Assignment: Skip all pictures. Write out the data below from its first line through the line that contains "707 104th Avenue N - Photo Thumbnail 7".
Given data START
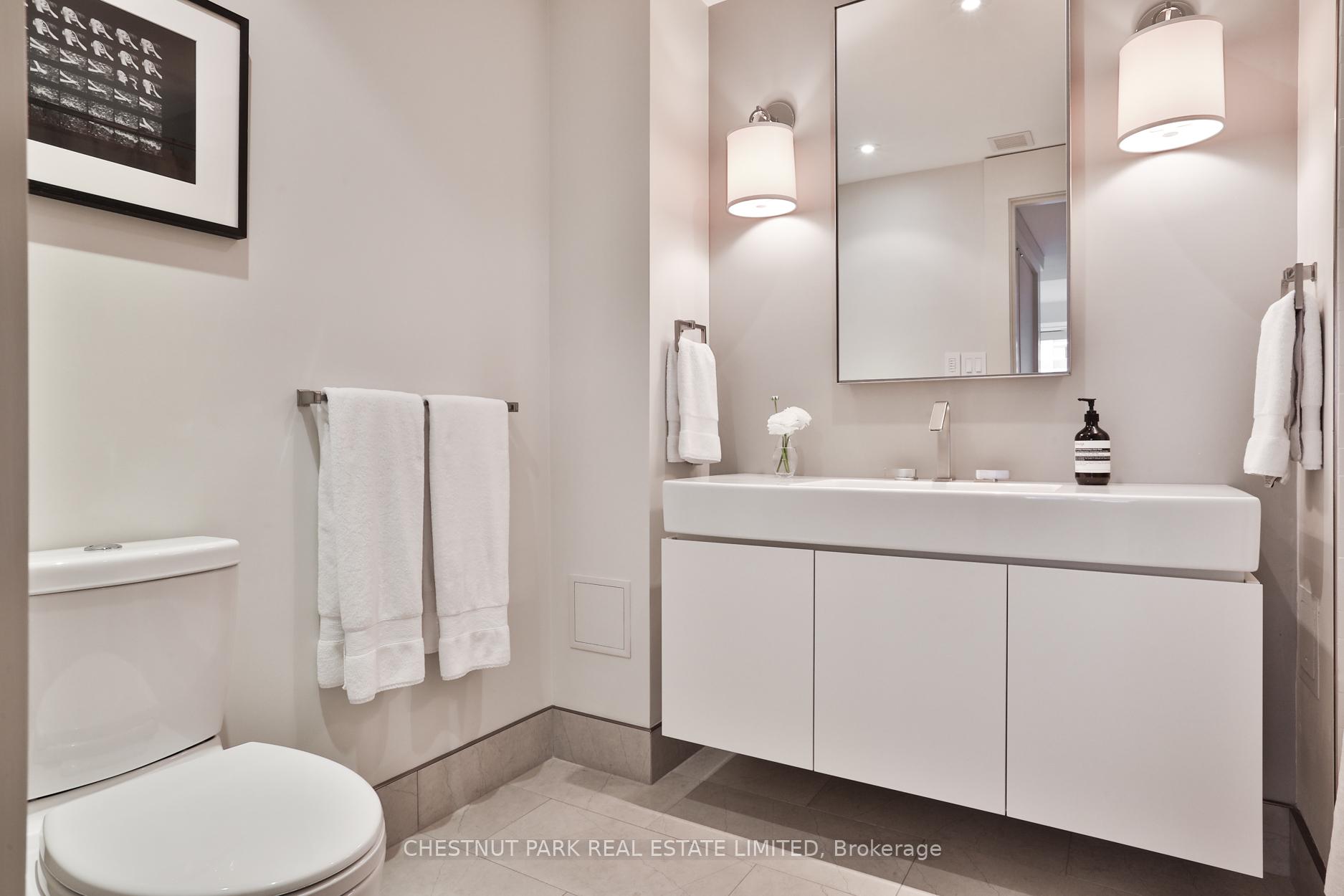 3 Bedrooms Condo at 33 Jackes,  Toronto For sale
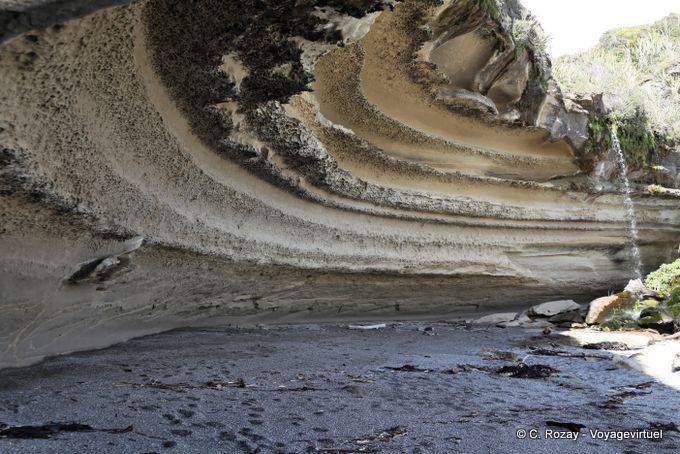 Cascade et falaise-grotte sur la plage, Paparoa Park, Truman Track, Westcoast - Nouvelle-Zélande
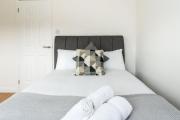Sleek and Stylish 2BD Home with a Garden Anerley Sleek and Stylish 2BD Home with a Garden Anerley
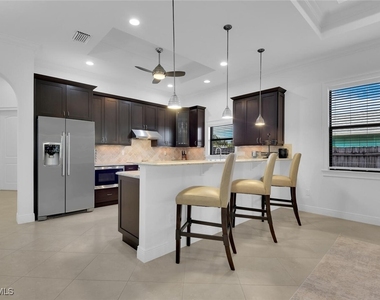 707 104th Avenue N - Photo Thumbnail 7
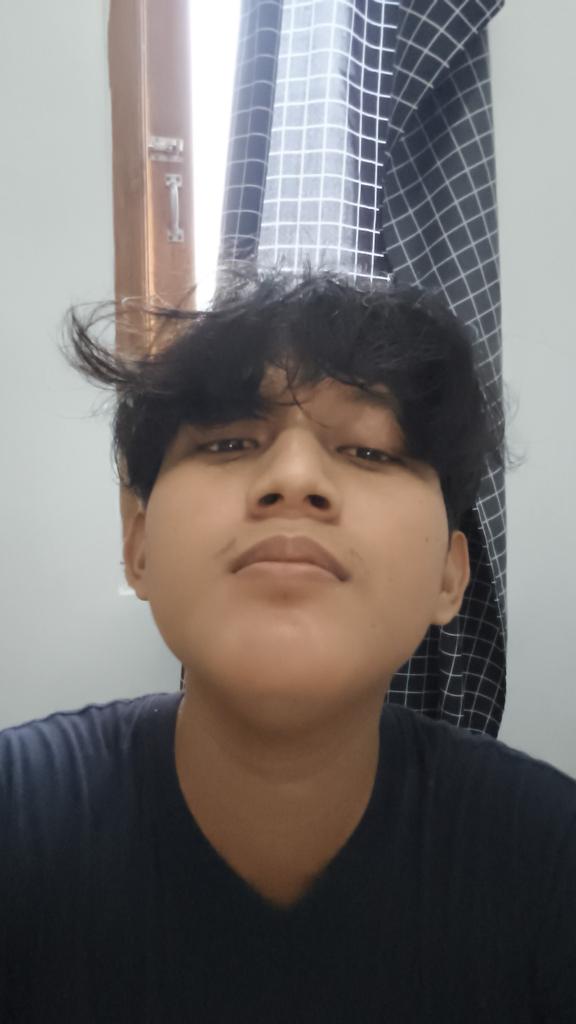 bobaboy_0's tweet photo. Sebelum Jumattan                Sesudah Jumattan https://t.co/QZBxiMKGx5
Given data END
Task output:
 3 Bedrooms Condo at 33 Jackes,  Toronto For sale
 Cascade et falaise-grotte sur la plage, Paparoa Park, Truman Track, Westcoast - Nouvelle-Zélande
Sleek and Stylish 2BD Home with a Garden Anerley Sleek and Stylish 2BD Home with a Garden Anerley
 707 104th Avenue N - Photo Thumbnail 7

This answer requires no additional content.